[Available data — start]

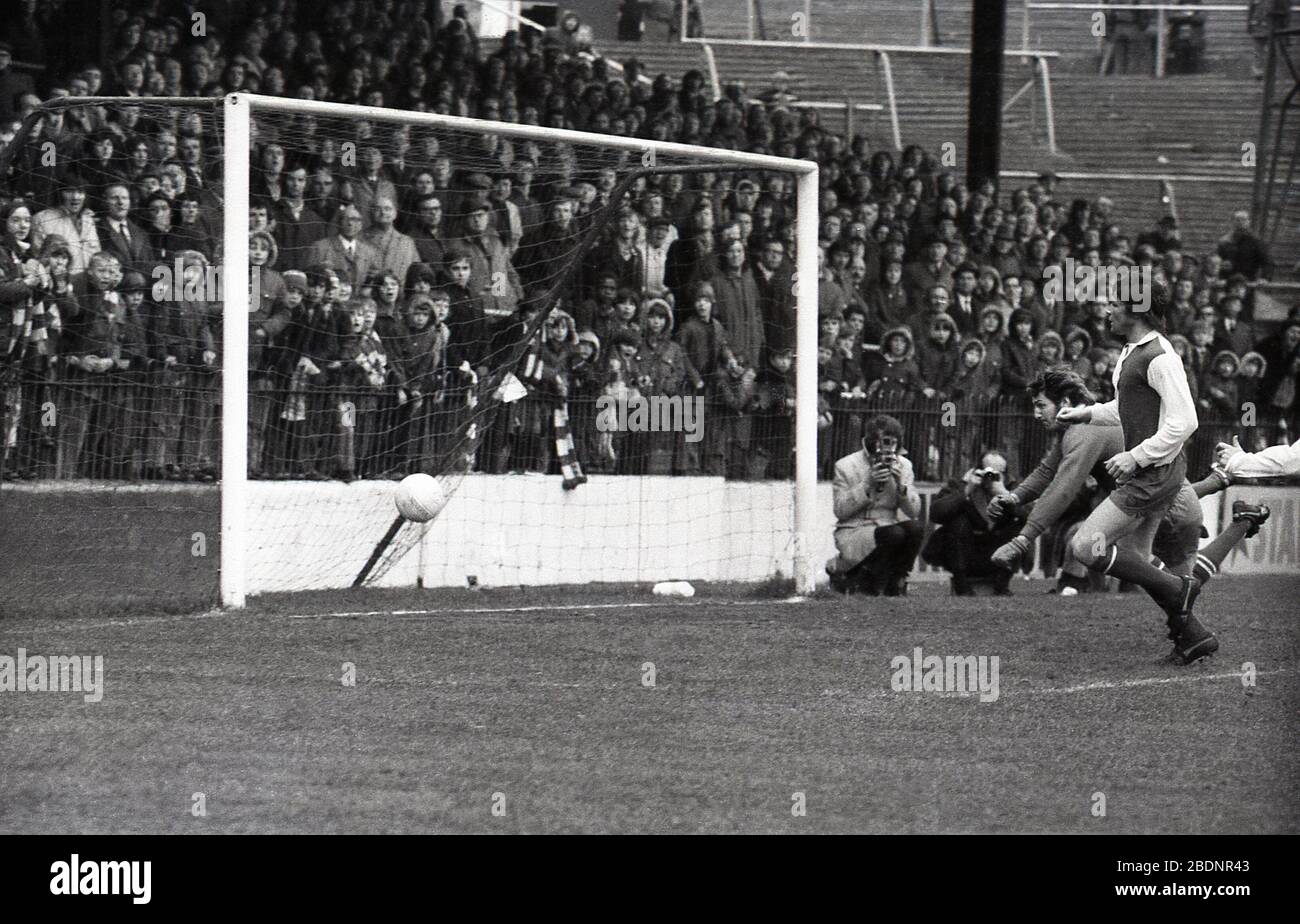 1973, historical, a goal being scored at the Valley, the home of Charlton Football Club, the reason the he crowd standing behind the goal are not jumping up is that it is the oppostion scoring! Notice on the right of the picture, how steep the terraces are and the 'safety' metal barriers. Other things to notice, the photographers are right by the goalposts, and not wearing 'bibs' and the crowd are not wearing replica football shirts, just scarfs. Stock Photo
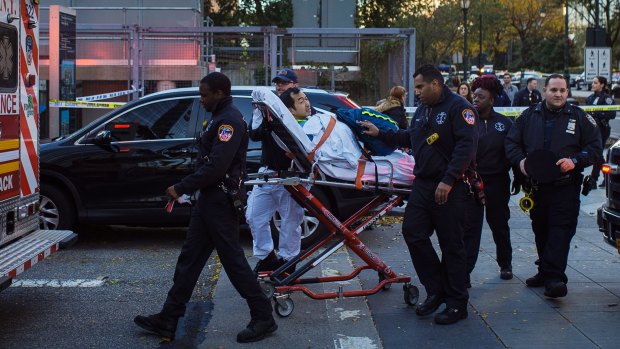 Emergency personnel carry a man into an ambulance after the attack near the World Trade Centre in New York. 
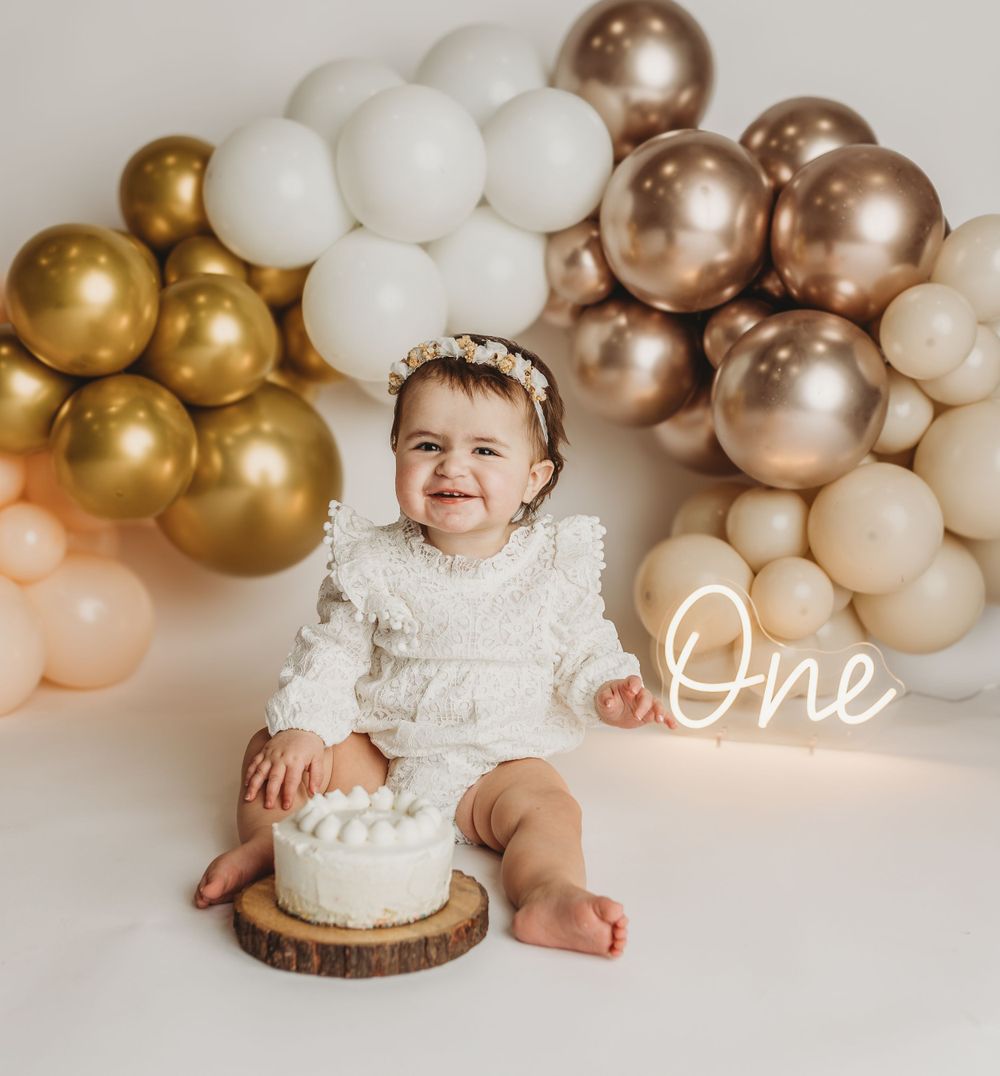 First birthday celebration with baby in white lace dress by balloon arch and smash cake.
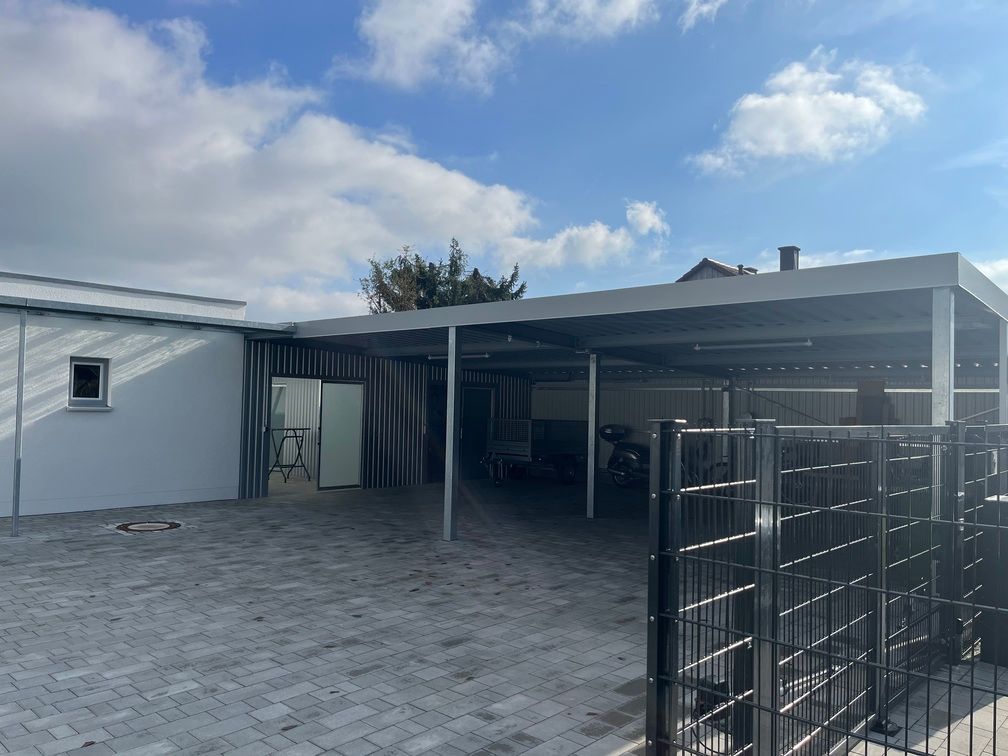 Ein grauer Carport neben einem weißen Gebäude und einem schwarzen Zaun, auf einer grauen Ziegelauffahrt, unter einem bewölkten Himmel.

[Available data — finish]

◆ What is being asked ◆
Only the lines starting at the one that holds "First birthday celebration" and ending at the last line of the data belong in your answer. Please set them down exactly and omit the pictures.

◆ Answer to this problem ◆
 First birthday celebration with baby in white lace dress by balloon arch and smash cake.
 Ein grauer Carport neben einem weißen Gebäude und einem schwarzen Zaun, auf einer grauen Ziegelauffahrt, unter einem bewölkten Himmel.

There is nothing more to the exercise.